The power plant’s retirement was foreshadowed long before Talen told PJM about its decision in April, given the plant’s age, its low capacity factors and Talen’s financial troubles, according to the OPC.
“Yet … PJM does not appear to have done any pro-active review of the transmission or non-transmission alternatives to the plant’s deactivation,” the OPC said, noting Baltimore Gas and Electric was assigned $534 million transmission projects, which would increase its FERC-regulated rate base by 35%.
Maryland ratepayers also face “an unknown, but presumably very large,” RMR charge so Talen will keep the Brandon Shores plant running until the planned grid upgrades are finished, according to the OPC.
PJM improperly invoked the “immediate need” designation for the planned transmission projects and failed to comply with a required public comment and consultation process, the OPC said.
The planned transmission projects will likely receive inadequate prudency and cost reviews, according to the OPC.
“The Federal Power Act’s mandate that rates be just and reasonable, in this particular context, supports requiring that PJM, assisted by independent third-party experts, conduct a consolidated review and scrutiny of the costs over the duration of the projects’ design, permitting and construction, accessible to public review,” the OPC said.
PJM disagrees with many of the OPC’s assertions, according to Jeffrey Shields, a spokesperson for the grid operator.
“There is simply no mature technology that can alleviate the need to build transmission to make up for the loss of a nearly 1,300 MW thermal generating plant — even if the generator were replaced by an equivalent amount of solar energy due to the difference in operational characteristics between the two types,” he said.
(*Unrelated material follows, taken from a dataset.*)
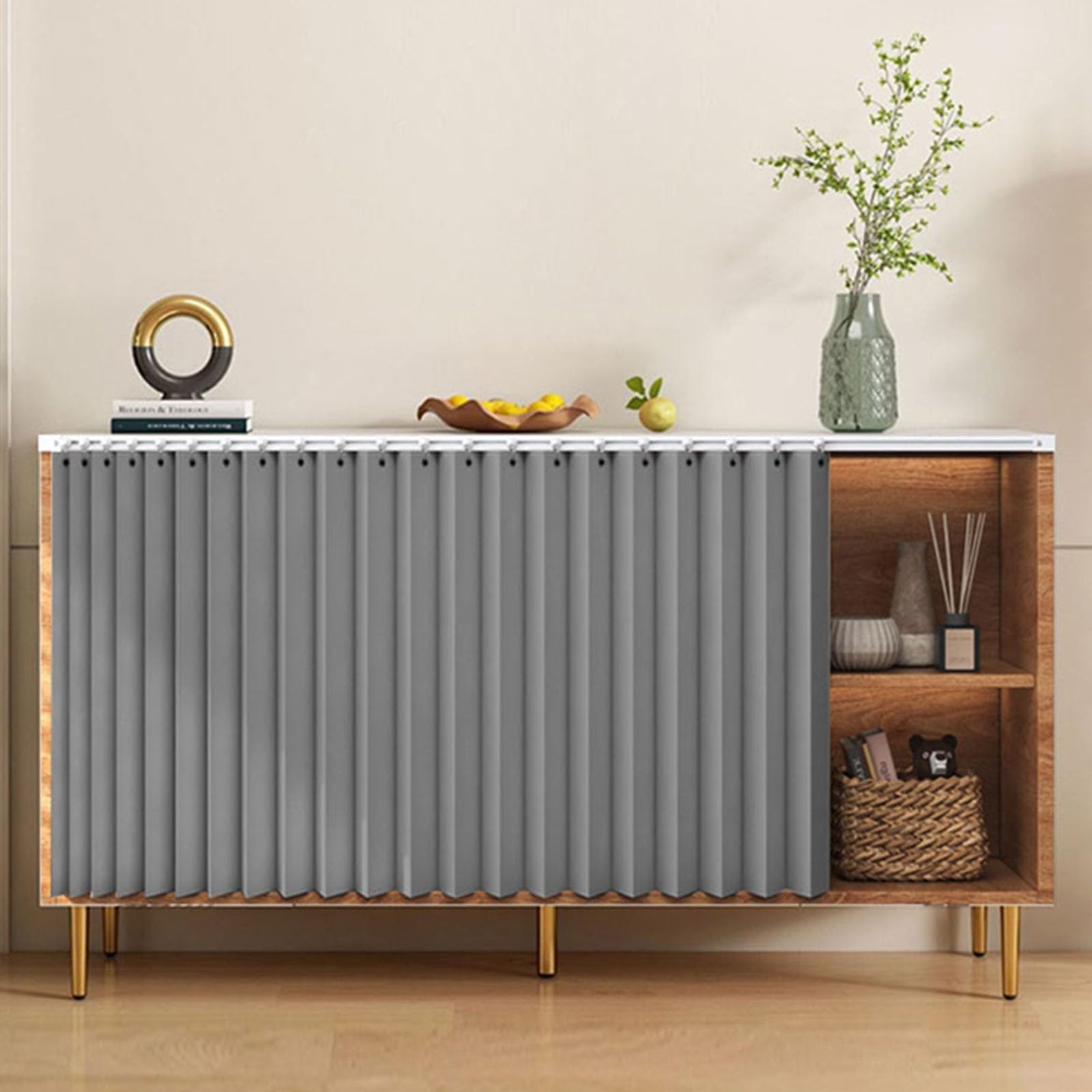 Jasnoszare wiszące zasłony prywatnościOtwarte składane zasłony do szafki z samoprzylepną szyną na półkę, biurko lub pod blatem, 80 x 70 cm, idealne do domu i biura rozwiązania zapewniające prywatność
Also, Shields said that before April, PJM had no clear indication that the plant would close and, in fact, had been informed the plant would switch to fuel oil and continue operating.
PJM notified stakeholders of the Brandon Shores planned retirement and reviewed the needed transmission upgrades and their costs during “multiple” Transmission Expansion Advisory Committee public stakeholder meetings, according to Shields.
“PJM will continue to work with Maryland, BGE and the plant owner to fulfill our obligation to keep power flowing to the residents of Maryland,” he said.
Meanwhile, the PSC urged FERC to direct PJM to conduct its reliability assessment and transmission upgrade approval process for the Brandon Shores retirement in a more holistic manner and with consideration of state policies.
The PSC said it could order non-wholesale assets, such as energy storage, to possibly offset the need for the PJM-approved transmission upgrades.
“By focusing primarily on an immediate transmission solution, the RTEP process — as applied in this instance — precludes consideration of viable alternatives, with the prospect of exposing Maryland ratepayers using the transmission facilities to unreasonable costs,” the PSC said.
It is unclear what alternatives PJM considered instead of entering into an RMR contract with Talen, according to the PSC.
The agency urged FERC to direct PJM to revise its RTEP process “in the interest of achieving reliability in a holistic, timely and cost effective manner.”